**DIRECTIONS FOR THIS TASK**
Return every line of the records below verbatim, with no pictures in the copy.

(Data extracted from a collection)
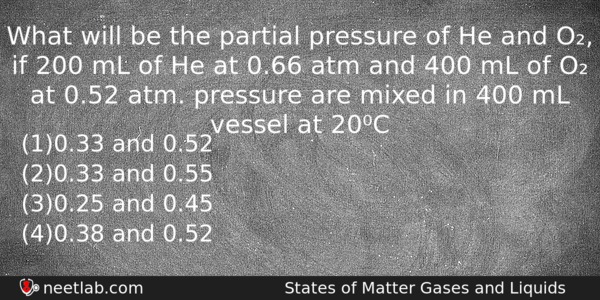 What Will Be The Partial Pressure Of He And O Chemistry Question 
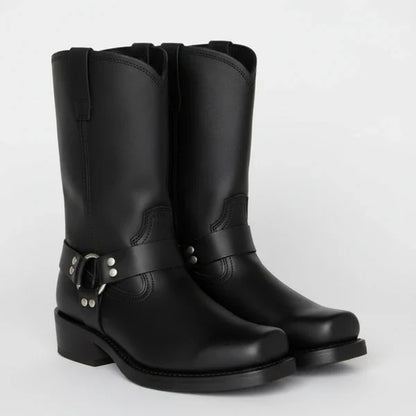 Women's leather harness ankle boots biker heels with studs – women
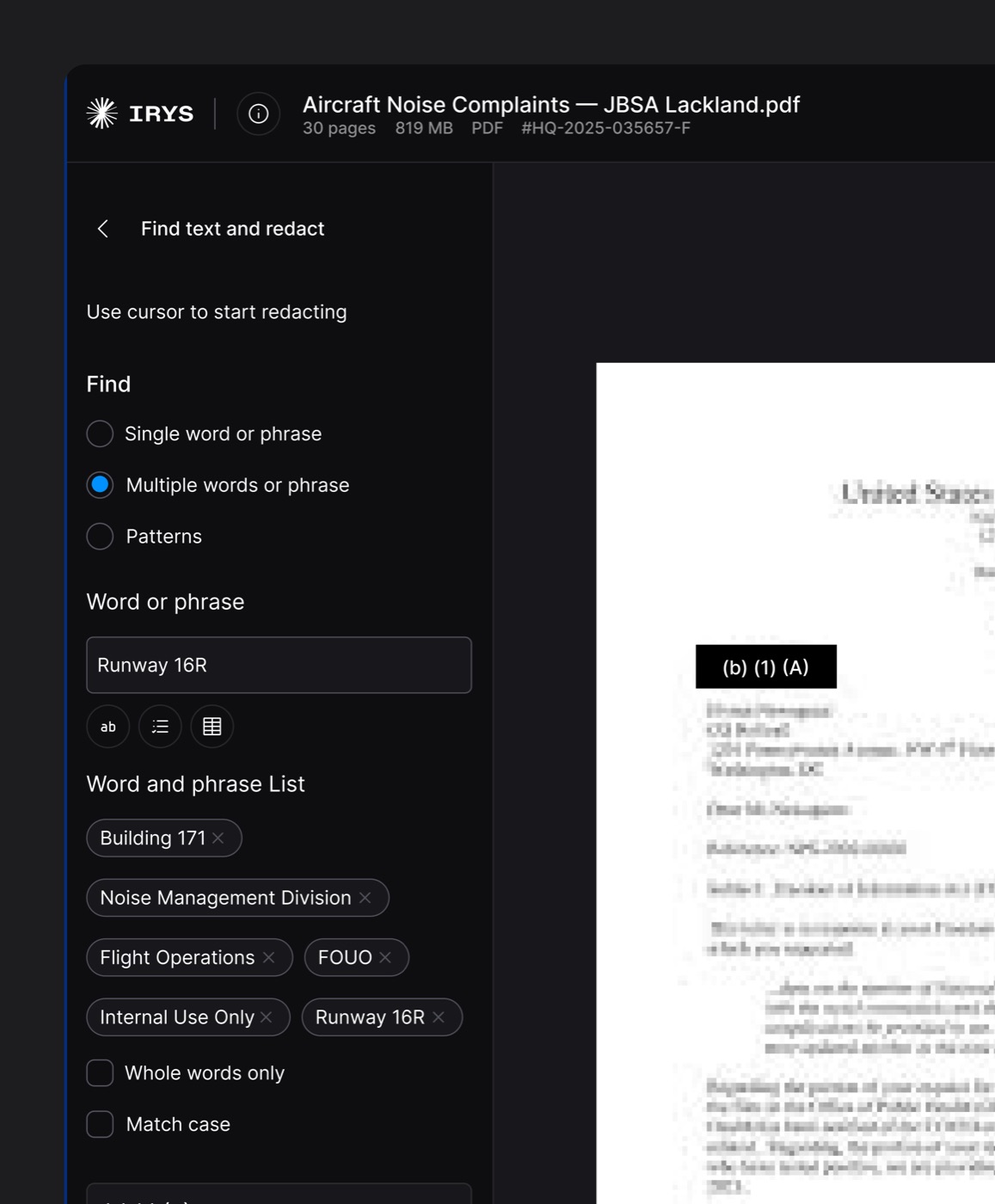 A saved list of sensitive terms and patterns queued for automatic redaction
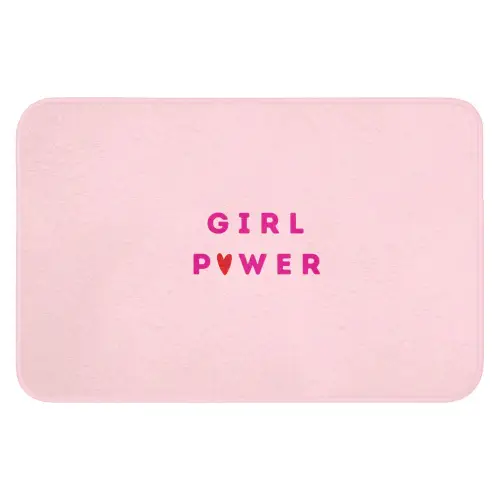 Girl power - Roze - Hartje Badmat klein -3d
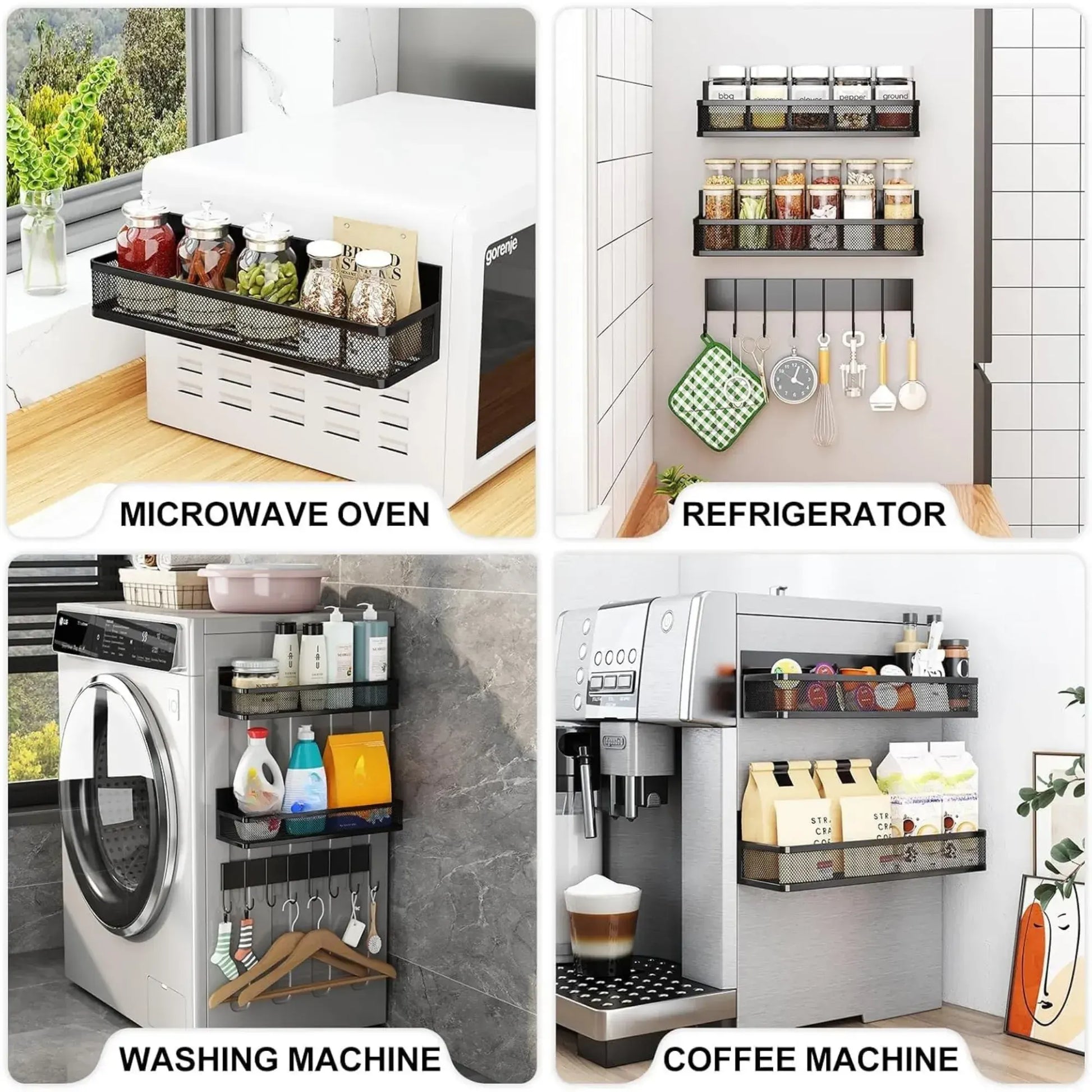 CARLA HOME 3 Pack Magnetic Spice Rack for Fridge Kitchen with Hook Bar - Image 7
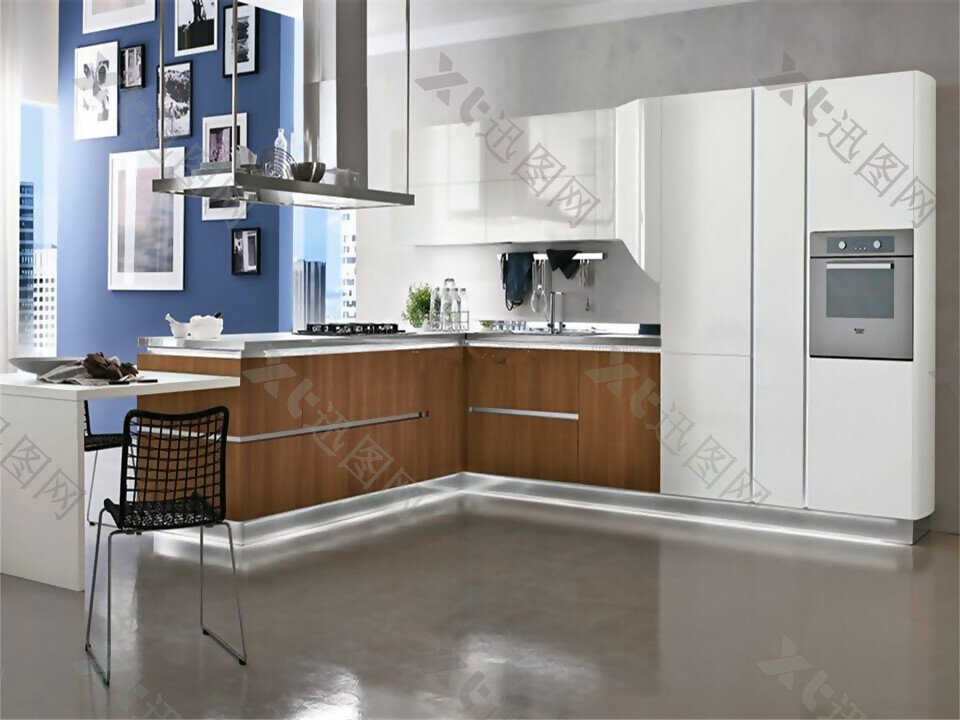 现代简欧风格开放式厨房装修效果图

**OUTPUT FOR THIS TASK**
 What Will Be The Partial Pressure Of He And O Chemistry Question 
 Women's leather harness ankle boots biker heels with studs – women
 A saved list of sensitive terms and patterns queued for automatic redaction
 Girl power - Roze - Hartje Badmat klein -3d
 CARLA HOME 3 Pack Magnetic Spice Rack for Fridge Kitchen with Hook Bar - Image 7
 现代简欧风格开放式厨房装修效果图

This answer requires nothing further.